1.2k Views Asked by At

I have this confusion related to the augmented Lagrangian multiplier method from this tutorial.


enter image description here


How come the gradient with respect to $y$ is equal to $\rho(Ax^{k+1}-b)$?

1

There are 1 best solutions below

0
On

Here's one way to derive the augmented Lagrangian method. We use the proximal point method to solve the dual problem.

(In the derivation we freely use some basic facts about subgradients, conjugates, and prox operators which are discussed in convex optimization theory or in convex analysis.)

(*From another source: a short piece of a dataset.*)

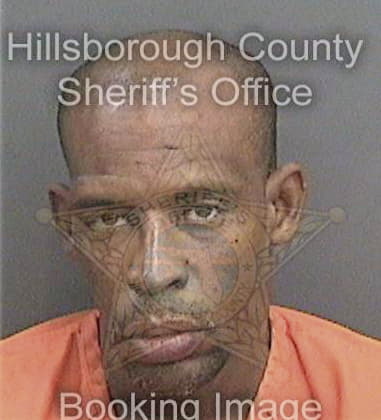 Deandre Turner, - Hillsborough County, FL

Consider the problem \begin{align*} \operatorname*{minimize}_x & \quad f(x)\\ \text{subject to} & \quad Ax = b \end{align*} where $f$ is a proper closed convex function. The Lagrangian is \begin{align*} L(x,z) &= f(x) + \langle z, Ax - b \rangle \\ &= f(x) - \langle -A^Tz, x \rangle - \langle z, b \rangle \end{align*} and the dual function is \begin{align*} G(z) &= \inf_x \quad L(x,z) \\ &= -f^*(-A^T z) - \langle z, b \rangle \end{align*} where $f^*$ is the conjugate of $f$. The dual problem, written as a minimization problem, is to minimize $g(z) = f^*(-A^T z) + \langle z, b \rangle$ with respect to $z$.

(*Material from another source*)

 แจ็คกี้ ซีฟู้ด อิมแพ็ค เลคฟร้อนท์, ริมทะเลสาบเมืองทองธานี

Let's solve the dual problem using the proximal point method. The proximal point iteration is \begin{align*} & z^+ = \text{prox}_{tg}(z) \\ \iff & \frac{z - z^+}{t} \in \partial g(z^+) \\ \iff & \frac{z - z^+}{t} \in -A \partial f^*(-A^T z^+) + b \\ \iff & \frac{z - z^+}{t} = -Ax + b \\ \iff & z^+ = z + t(Ax - b) \end{align*} for some $x$ satisfying \begin{align*} & x \in \partial f^*(-A^T z^+) \\ \iff & -A^T z^+ \in \partial f(x) \\ \iff & 0 \in A^T z^+ + \partial f(x) \\ \iff & 0 \in A^T(z + t(Ax - b)) + \partial f(x) \\ \iff &x \in \arg\min_u f(u) + \frac{t}{2} \| Au - b + \frac{z}{t} \|^2. \end{align*}

So, the proximal point iteration to solve the dual problem is: \begin{align*} x &= \arg\min_u f(u) + \frac{t}{2} \| Au - b + \frac{z}{t} \|^2 \\ z^+ &= z + t(Ax - b). \end{align*}

This is identical to the method of multipliers iteration.